DIGNITARIES, VETERANS TAKE TO NORMANDY
Several men who stormed Normandy’s shore 70 years ago joined world leaders in paying tribute to the 150,000 Allied troops who risked and lost their lives. "France will never forget what it owes these soldiers, what it owes the United States," French President Francois Hollande said at the Normandy American Cemetery. "Vive l’Amerique! Vive la France! And long live the memory of those who fell here for our liberty." In all, 19 world leaders, more than 1,000 veterans and many others gathered to honor the troops and civilians who fell in mighty battles that helped bring Europe peace and unity. German Chancellor Angela Merkel and a few German veterans also took part in Friday’s ceremony, as a gesture of the European unity that the Allied victory brought.
US D-DAY VETS HONOR FALLEN COMRADES
The seven returning vets from the U.S. 29th Infantry Division and their family members raised a toast to those who died in the invasion. At 6:30 a.m., the precise hour that the first waves of infantry began wading ashore under a hailstorm of German machine gun and mortar fire, the men, most now in their 90s, raised glasses of bracing Calvados apple brandy to the memory of friends killed that day. Hundreds of onlookers crowded the beach, including many re-enactors in period army uniforms. Some drove vintage jeeps and armored vehicles like those that would have been seen 70 years ago. A military band of serving 29th division members played taps and "Amazing Grace" before the seven vets walked off the beach to the applause of hundreds of onlookers.
ROSE PETALS OVER LADY LIBERTY
France is saying "thank you" to the United States for its help in World War II. A pair of helicopters was showering a million rose petals on the Statue of Liberty in New York Harbor. The statue was a gift from France. Also, 130 French and American children will unfurl flags and sing the countries’ national anthems. A 21-gun salute will honor veterans of the war and commemorate the invasion that led to the liberation of France from Nazi Germany.
WREATH LAYING AT WWII MEMORIAL
The National Park Service and the Friends of the World War II Memorial will commemorate the anniversary with a ceremony and wreath laying at the World War II Memorial in Washington.
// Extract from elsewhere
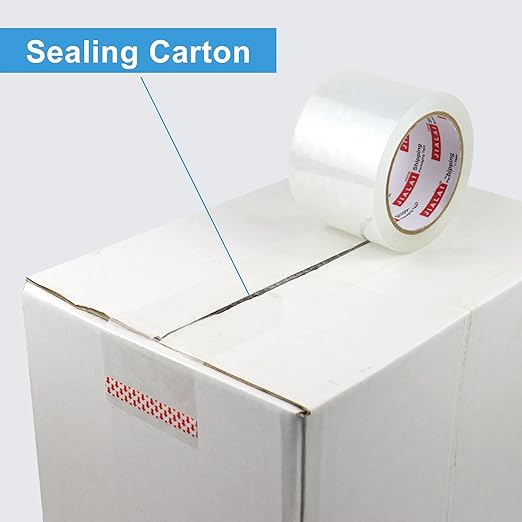 3" Heavy Duty Packing Tape 6 Rolls, Total 360Y - 3 inch x 65 Yards, 2.4 mil Thick, Clear 3 Inch Wide Packaging Tape for Shipping, Mailing, Moving & Storage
D-Day veterans, along with representatives from the Allied Nations that participated in the Normandy Campaign, will take part in laying wreaths along the Memorial’s Freedom Wall. Participants also include Susan Eisenhower, granddaughter of Gen. Dwight D. Eisenhower, and Elliot "Toby" Roosevelt III, great-grandson of President Franklin D. Roosevelt.
AT THE WWII MUSEUM IN NEW ORLEANS
The National WWII Museum in New Orleans, which opened June 6, 2000, as The National D-Day Museum, planned two days of activities starting with a ceremony at 6:30 a.m. marking the hour at which Allied troops began slogging through waist-high surf. The ceremony included presentation of the French Legion of Honor to veterans who served in France. The French government decided several years ago that all U.S. World War II veterans who fought there or contributed to its liberation are eligible for the medal. A war game Saturday, with dice deciding success or failure of the players’ tactics, will take place on a diorama of Normandy’s beaches.